I'll bet. That's why we haven't done it yet.....we're trying to figure out how to get the pickup close enough to the pen...and what to use to get it all out of there, etc. It looks like a pretty big job! 

We have what they call "screenings" in our barn. It's really fine rock shavings that are supposed to be good for livestock. In the pen we have straw on that--and add to it when needed.

Dee


----------



## moosemaniac (Mar 7, 2003)

We're renting a Bobcat from friends for Memorial Day weekend. I figure we can clean out the barn and pile that stuff up to make garden mounds all over the place at the same time.

Ruth


----------



## Junkmanme (Dec 16, 2006)

I can't imagine that you would have any straw to "clean out". My neighbor's goats eat every bit of straw they can find...(and anything else!)


----------



## MamaDee (May 10, 2006)

I can't imagine that you would have any straw to "clean out". My neighbor's goats eat every bit of straw they can find...(and anything else!)>>>

THey only eat the straw when we first put it in....then they don't. And yes, there is alot to clean out. It's prbably six inches thick. More since I just added a bale.

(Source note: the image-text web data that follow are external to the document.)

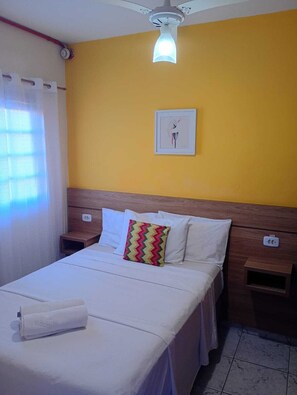 Apartamento estándar | Minibar, escritorio, espacio para trabajar con un portátil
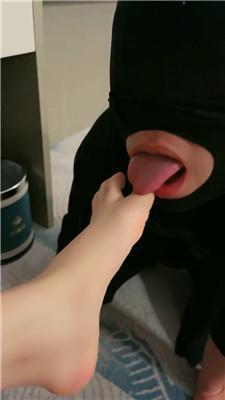 【网盘】【乔妹儿】闻舔黑丝高跟/啃吃脚丫/舔马桶 JS241031-22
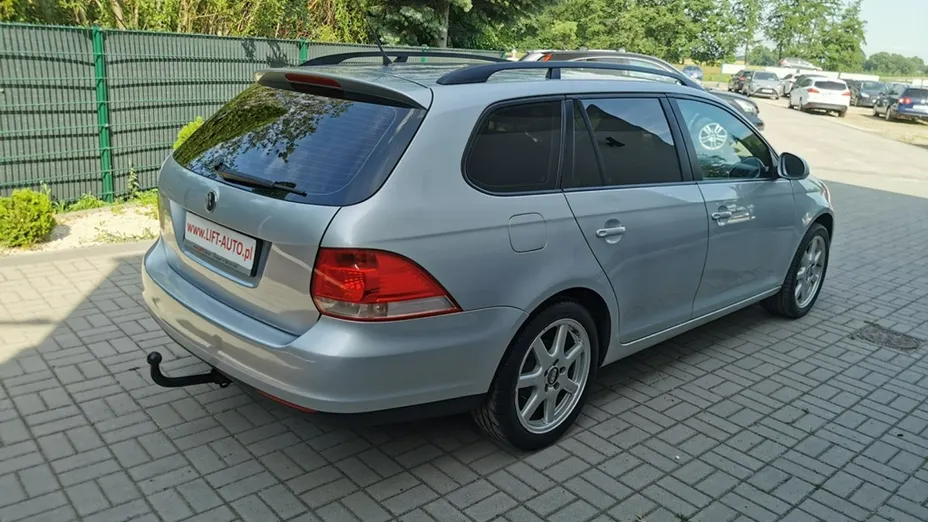 VOLKSWAGEN Golf -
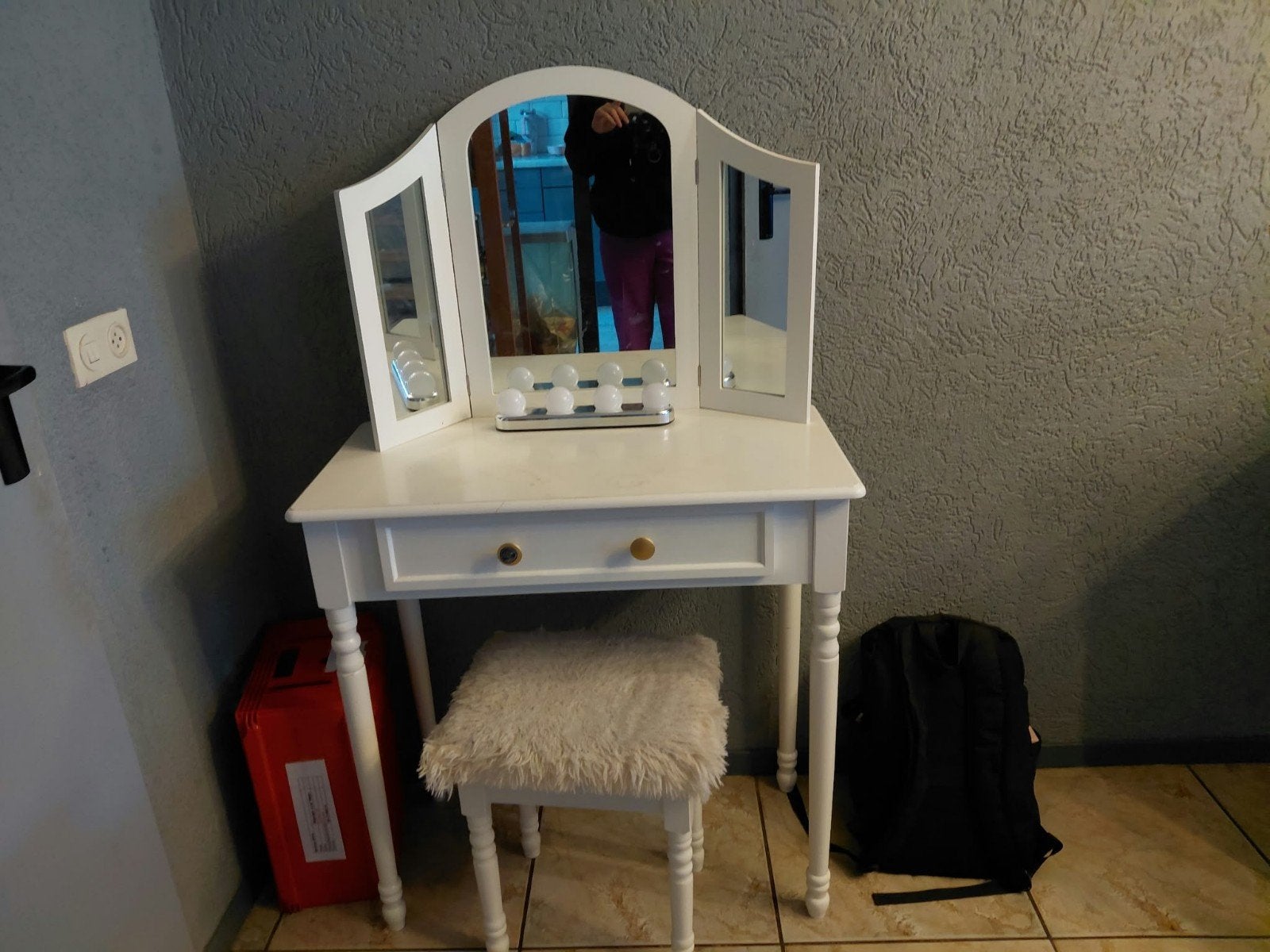 Witte kaptafel met drievoudige spiegel en krukje, Ophalen, 100 tot 150 cm, 50 tot 100 cm, Zo goed als nieuw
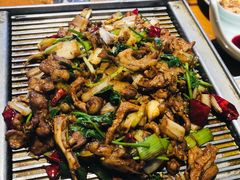 锅叉子炒烤羊排肉-95号酱骨·一块豆腐(展春园西路店)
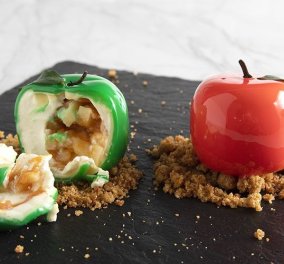 O εκπληκτικός Άκης Πετρετζίκης μας δείχνει πως να φτιάξουμε γλυκό σε σχήμα μήλου - Βίντεο  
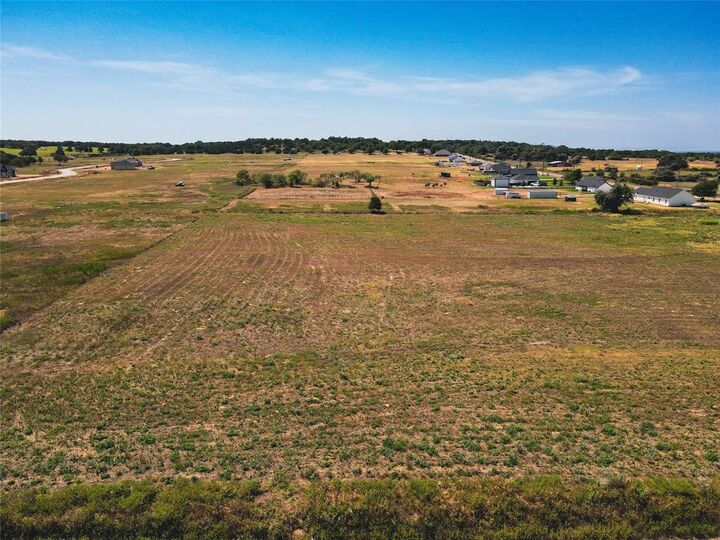 Property Photo:  1160 Cottonwood Trail  TX 76487 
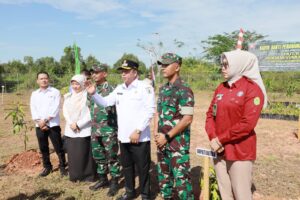 BUPATI MENANAM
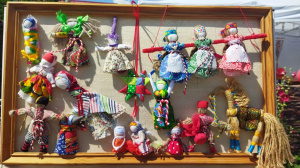 Мастера-кукольники и победители конкурса «Кукольная мастерская» поделились своими навыками с участниками площадки «Мастеровые Сростки»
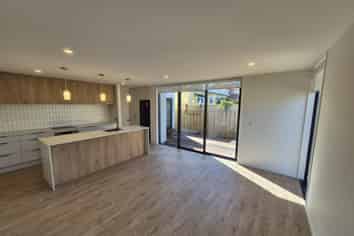 1/233 Geraldine Street, Edgeware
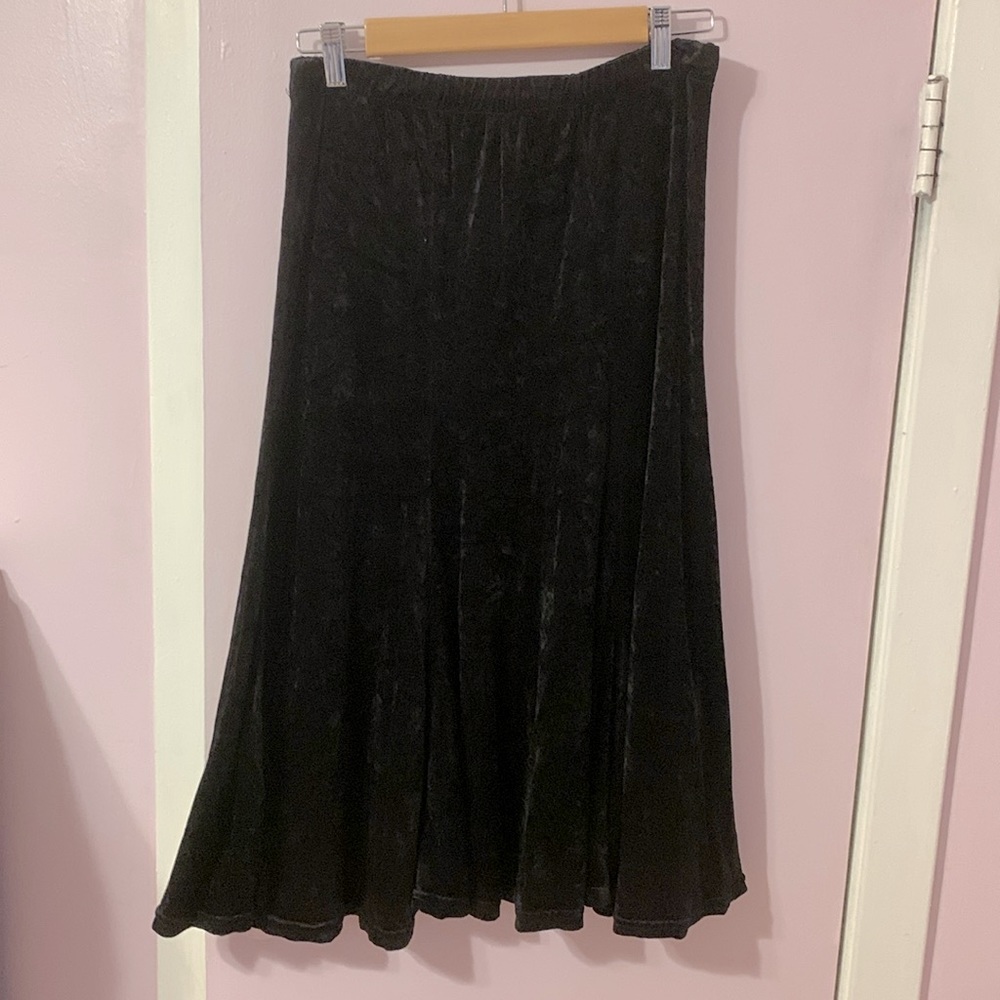 3/25$ Velvet tulip skirt goth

We'd have to take the pen fence apart to get a bobcat in there. It's combo panels with four by fours. I guess we could, but I was thinking more along the lines of a pitchfork. Or isn't there a better tool to use. A manure fork, or something like that?


Oh, and since you are getting a bobcat.....how deep is your straw....how often do you do that full clean out?

Dee


----------



## moosemaniac (Mar 7, 2003)

MamaDee said:


> Oh, and since you are getting a bobcat.....how deep is your straw....how often do you do that full clean out?


Usually we clean it much more often, but this year there was so much snow and it was so cold, we just kept adding straw bedding over top. It was quite warm in the barn all winter because of it. Now, of course, we have to pay the piper, so to speak.

Ruth


----------